Private equity managers ought to impose side letters on investors whereby the latter is prohibited through non-disclosure agreements from divulging highly sensitive, confidential information should they receive Freedom of Information (FOI) requests.

This comes as a handful of pension funds in the US had been asked to make public through FOI requests exchanges their private equity fund managers had had with the Securities and Exchange Commission (SEC).

“We had correspondence with a municipal pension fund relating to the Limited Partner’s inquiry regarding the SEC’s findings from our presence exam. We objected to our correspondence with the LP of matters not relating to investment performance including notes taken by the LP representatives being submitted to reporters under the Freedom of Information Act (FOIA). It is our communications with LPs other than discussions about performance metrics that we object to being in the public domain,” said Stephen Hoey, partner- administration, chief financial and compliance officer at KPS Capital Partners, speaking at the SuperReturn CFO/COO Forum in Amsterdam.

Pamela Hendrickson, chief operating officer at The Riverside Company, agreed. “GPs should make sure their LP agreements and side letters are clear about what can be disclosed under a Freedom of information request. GPs must comply with any non-disclosure agreements they have with their portfolio companies and information provided under the Freedom of Information Act should be restricted to ensure that the GPs remain in compliance,” said Hendrickson.

These demands for transparency come following a speech in May 2014 by Andrew Bowden, director of the Office of Compliance Inspections and Examinations at the SEC, where he identified potential conflicts of interest between private equity firms and their investors over fees, expenses and portfolio company valuations.
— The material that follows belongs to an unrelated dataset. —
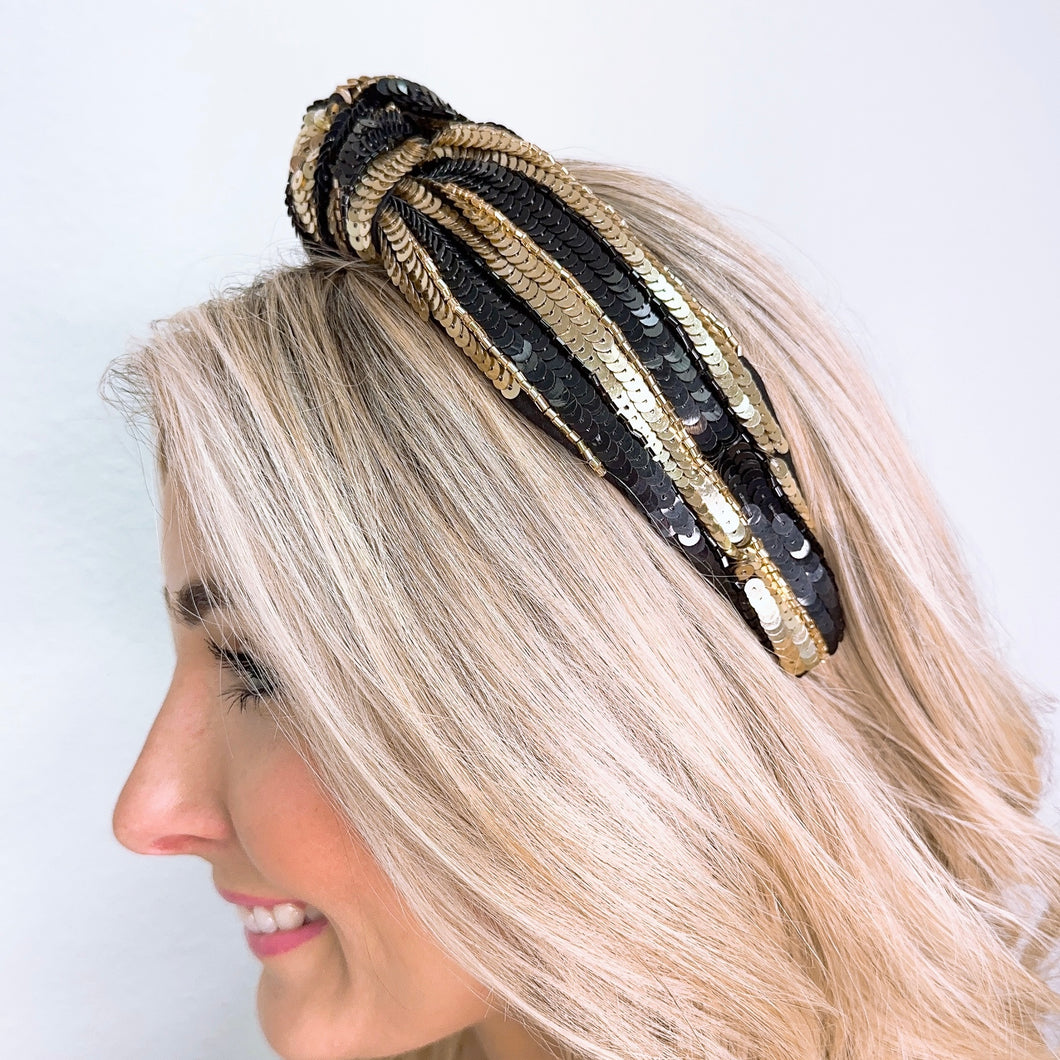 Black/Gold Sequin Headband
There are concerns at the SEC that some private equity shops are charging investors unfairly for expenses.

The SEC has recently been questioning private equity managers about their deals and fees dating all the way back to 2007. There is speculation the US regulator could clamp down on private equity fees following its announcement back in 2013 that it would be reviewing the fees and expenses’ policies at hedge funds amid concerns that travel and entertainment costs, which should be borne by the 2% management fee, were in fact being charged to end investors.

“The SEC is taking a strong interest in fees, and this has become apparent in regulatory audits as they are heavily scrutinising the fees and expenses that we charge. Following the Bowden speech, we received a material number of calls from our Limited Partners whereby we explained our fee structure and how costs were expensed accordingly. We also pointed out that our allocation of expenses was in conformity with the LP agreements, which is the contract between the General Partner and a fund’s limited partners,” said Hoey.

A survey by data provider Preqin found management fees to be the top area of concern for investors when polled on issues surrounding fund terms and conditions. Fifty-six per-cent of investors believed the management fee at private equity managers needed to be changed. This was trailed at 29% by disquiet that General Partners (GPs) did not invest enough of their net worth into their funds.

However, the bulk of investors (76%) told Preqin that LP and GP interests were firmly aligned, compared with 23% who felt the polar opposite. This is a marked improvement from previous years. In 2012, 67% of respondents said GP and LP interests were aligned, while this stood at a mere 47% in 2011.